A political roadshow in Kiambu. file photo | nmg

The Music Copyright Society of Kenya (MCSK) has tripled its tariffs for roadshows, presenting politicians with yet another spending shock during looming campaign season.

Under the new changes, politicians will pay MCSK Sh30,000 per day or a flat annual fees of Sh620,000 for truck roadshows.

Corporate entities, non-governmental organisations and State agencies undertaking promotional road shows also face the same rates.

The new figures represent a tripling of the charges which have been standing at Sh10,000 per day.

“The collecting of society tariffs take effect from the date of publication to the 31st December, 2018,” Attorney General Githu Muigai says in the legal notice number 57 published on April 21 adding that “the Copyright Act (Kenya Association of Music Producers and performance Rights Society of Kenya) Tariffs of 2015 is revoked.”

Prof Muigai has signed off the new rates, clearing the way for the rollout after last week’s nomination headwinds.

Politicians who fail to pay for music copyright at the specified rates face a penalty equivalent to five per cent charge on the defaulted tariff, a charge which is to be compounded for the period it remains unpaid.

Even more defining is the fact that the tariff are subject to an annual increment pegged on “the prevailing rate of inflation”.

The demand for copyrighted music has risen during this season of heightened political activity ahead of the August 8 elections. Political parties had up to yesterday to conclude their nominations.

It is expected that the remaining period to Election Day will be dominated by road shows as candidates try to outdo each other ahead of polls.

Going by an official timelines, the Independent Electoral and Boundaries Commission (IEBC) is expected to publish the names of all nominated candidates by June 7, kicking off intense campaigns.

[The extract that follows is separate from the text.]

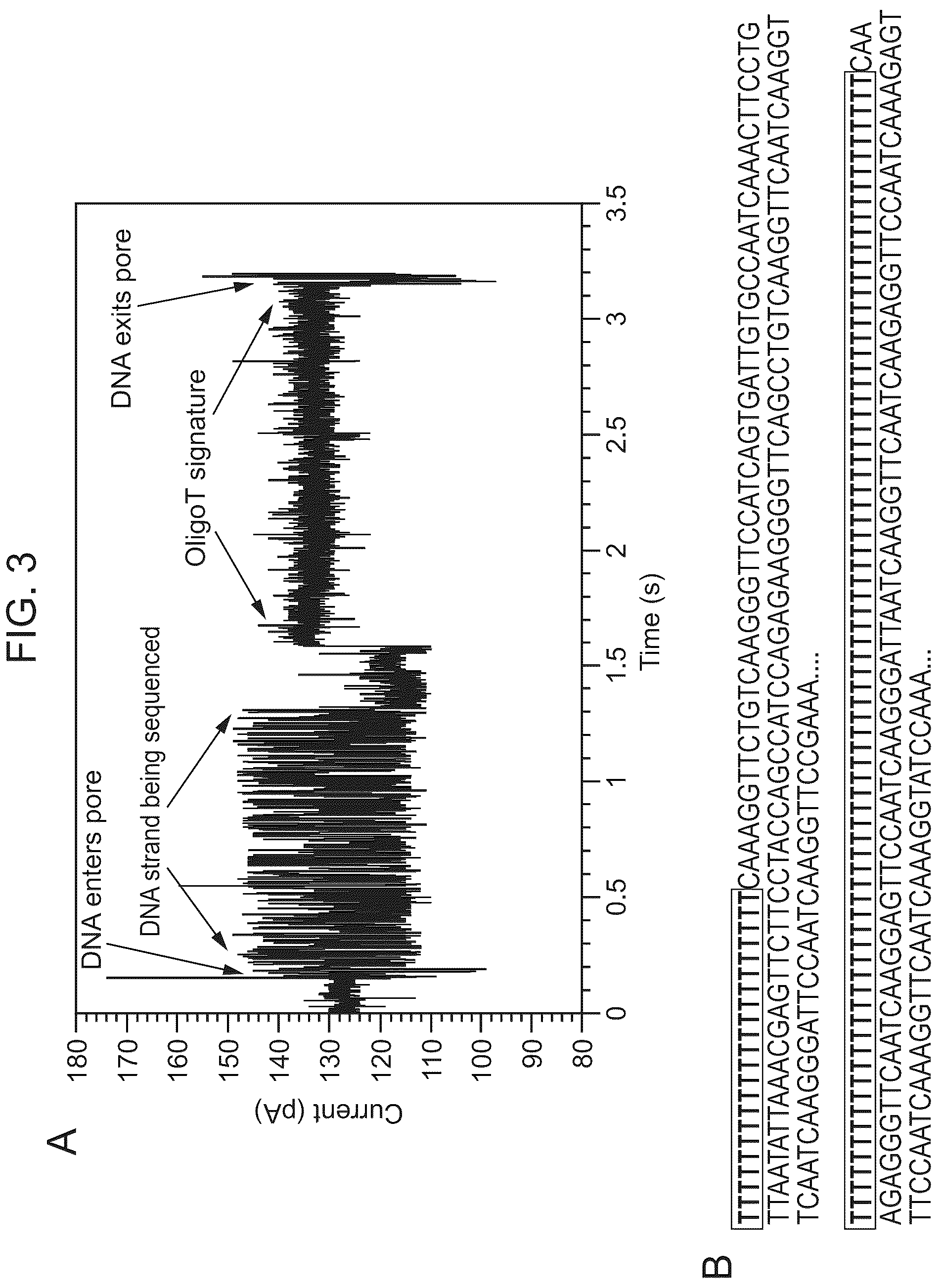 Patent US12325011 Figure 3 – Methods and devices for non-enzymatic nucleic acid synthesis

The Sh30,000 charge per day is significant because it adds up to huge amounts of cash in music royalties and a heavy cost to political contestants.

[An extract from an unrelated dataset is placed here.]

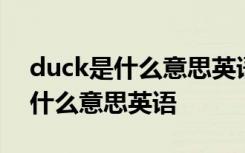 duck是什么意思英语怎么读音发音 duck是什么意思英语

Any candidate who chooses to use trucks every day for the remaining 51 days will, for instance, have to part with Sh1.53 million as the cost of music played during their campaigns.

However, those who won the party primaries and have opted for non-stop campaigns for the remaining three months will have to part with at least Sh2.76 million besides other logistics costs.

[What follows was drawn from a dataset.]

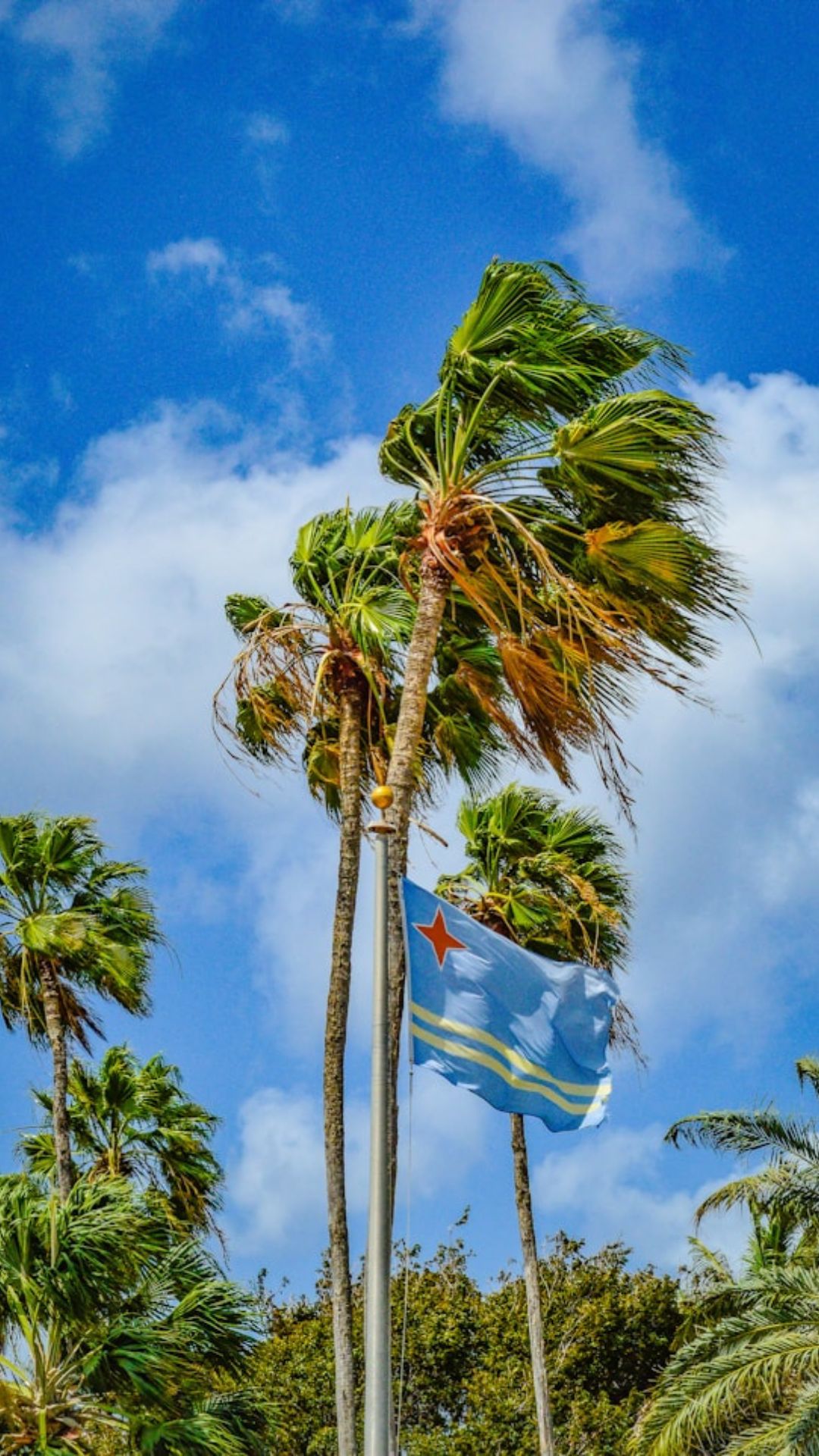 Aruba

The increased rates are set to refocus attention on the revenue collection role of MCSK, a lobby accused by musicians of failing to share billions of shillings collected for copyright.

Last year, Intellectual Property Owners Association and Music Publishers Association of Kenya moved to court to demand “clean up” of the MCSK.

The musicians have lately been pushing for a contractual agreement with Kenya Revenue Authority to take up the role of collecting music licence fee for a commission “as long as it discloses the billions collected publicly before remitting the money to MCSK”.